City officials started their look into the spending picture for their annual budgeting process, and some revenues are nearly back where they were before the recession, City Manager Ken Striplin said Tuesday.
Figures given during a planning session at City Hall reported that sales tax revenues, which is the city’s main source of income, are only expected to be about 7.3 percent off of pre-recession levels.
However, city officials are also monitoring potential changes to Internet sales tax collection, which could impact that figure.
The city sticks to a conservative, time-tested funding formula that calculates decisions based on the five-year impact, Striplin said
“One of the hallmarks, as long as we’ve been a city, is making the budget from a very fiscally conservative perspective,” said Mayor Bob Kellar. “And it has paid huge dividends.”
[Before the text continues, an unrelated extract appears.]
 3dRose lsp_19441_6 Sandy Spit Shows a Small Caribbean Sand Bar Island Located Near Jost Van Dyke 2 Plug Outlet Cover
City staffers also identified five major funding challenges for the city in the next year: improvement of Canyon Country and Newhall; enhanced services within the new annexation areas; ongoing operating costs for Central Park’s expansion, the Canyon Country community center and library services; Whittaker-Bermite’s cleanup; and public safety.
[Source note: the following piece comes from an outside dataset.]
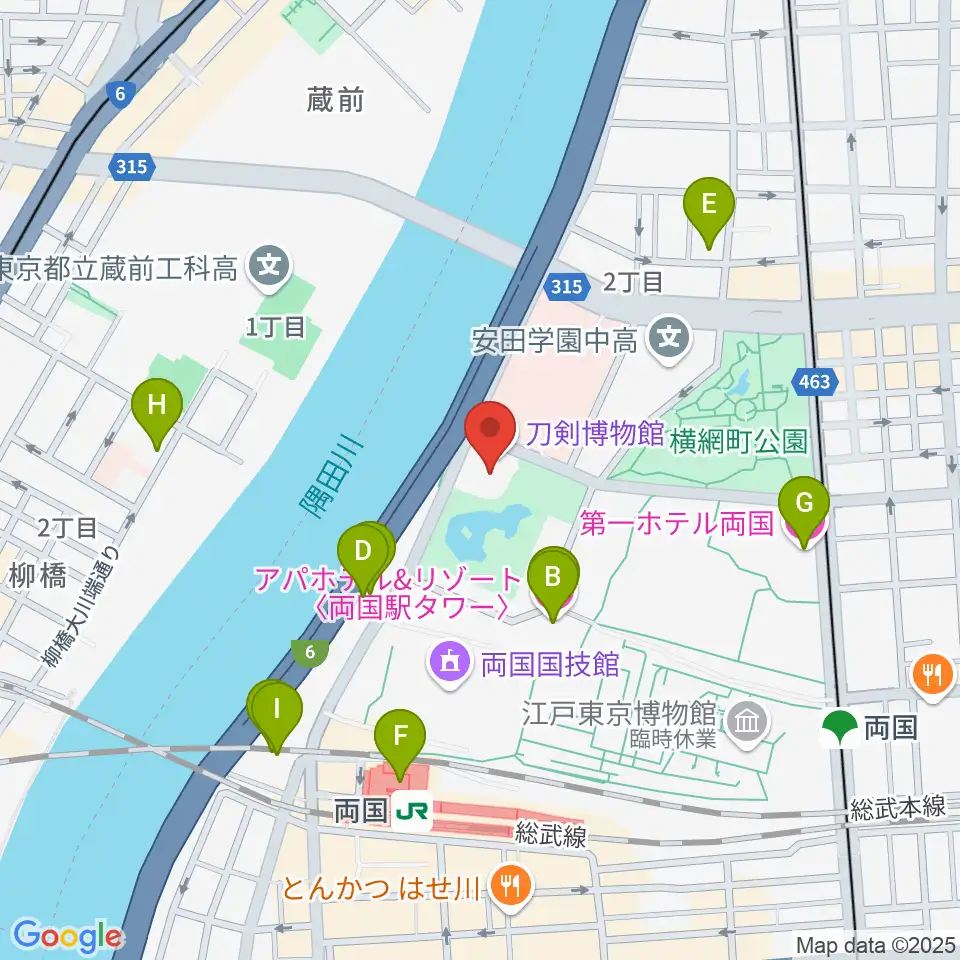 刀剣博物館周辺のホテル一覧地図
“We’ve been down this road before, where the county feels like contract cities are not paying their fair share,” said Striplin, who was named city manager in December. “That means they might try to find a way to make us pay more.”
Striplin was promoted after holding the title of assistant city manager, and has worked for the city for more than 17 years.
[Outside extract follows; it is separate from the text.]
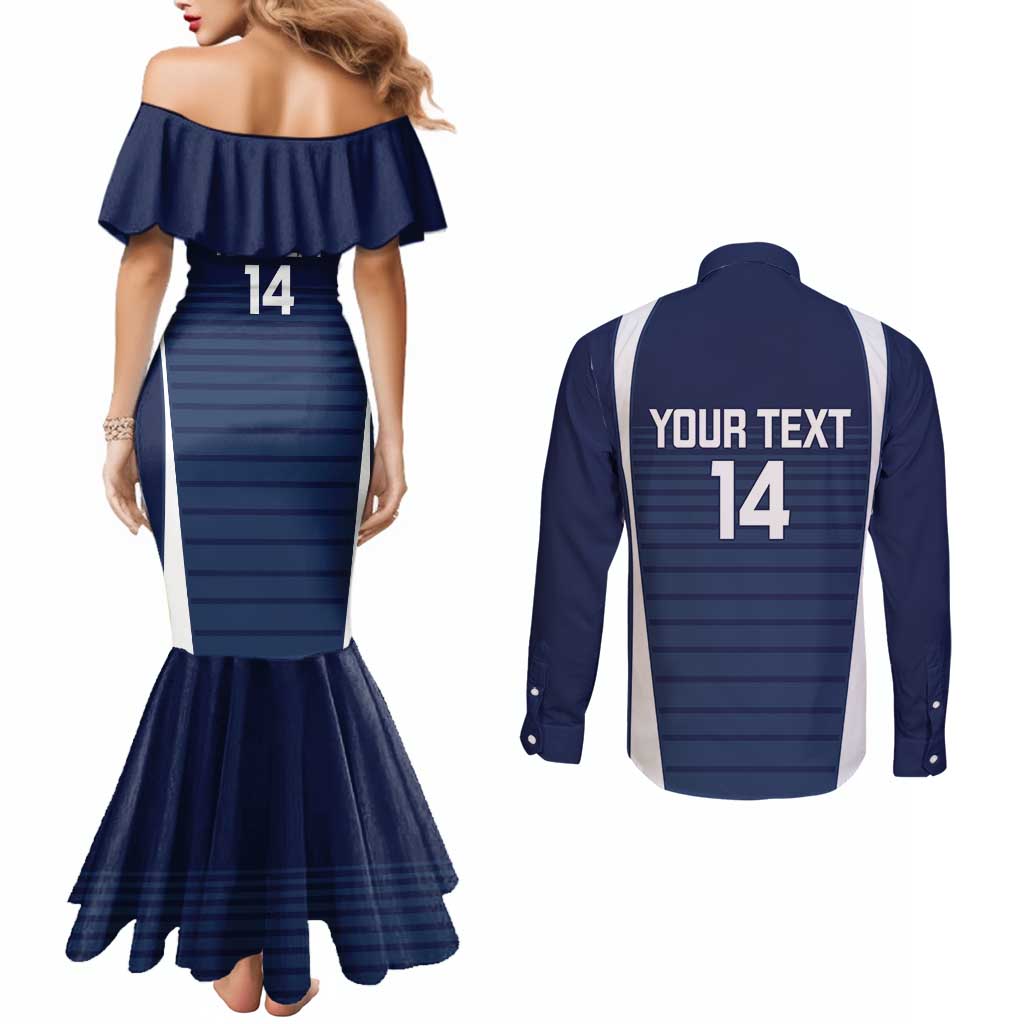 Custom Victoria Cricket Couples Matching Mermaid Dress and Long Sleeve Button Shirt Go Champions - Sporty Style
Kellar said the cost for the city’s public safety could go up this year as much as 5 percent, as a result. Public safety is one of the city’s largest costs each year, which, as a percentage of the budget, is very close to what it spends on parks and recreation
“That figure has yet to be determined, so I don’t want to cause any panic — but if it does go up by that, we will be able to meet that obligation,” said Kellar, who also spent more than two decades in law enforcement as an LAPD officer.
“But I want to emphasize to our community the value of the services we get in Santa Clarita as a contract city with the L.A. County Sheriff’s (Department), this is the best deal in town,” he said.
The most recent development in public safety has been a county audit that saw an increase in patrol services to unincorporated areas, after an audit showed a difference in response times between unincorporated areas and contract city service areas.
City Councilwoman Marsha McLean asked for clarification on the city actual acreage of contamination for Whittaker Bermite. The former munitions site has been undergoing a cleanup effort for decades, and she requested clarification on exactly how much more land has to be cleaned.
Canyon Country’s community center opened this year, and the city has also recently annexed land in the area, which also saw the addition of two deputies to the local Sheriff’s Station to increase patrols.
The city budgets with a few basic tenets each year, Striplin said.
“Always live below your means; run a lean organization; use conservative 5-year projections,” he said, during the budget presentation.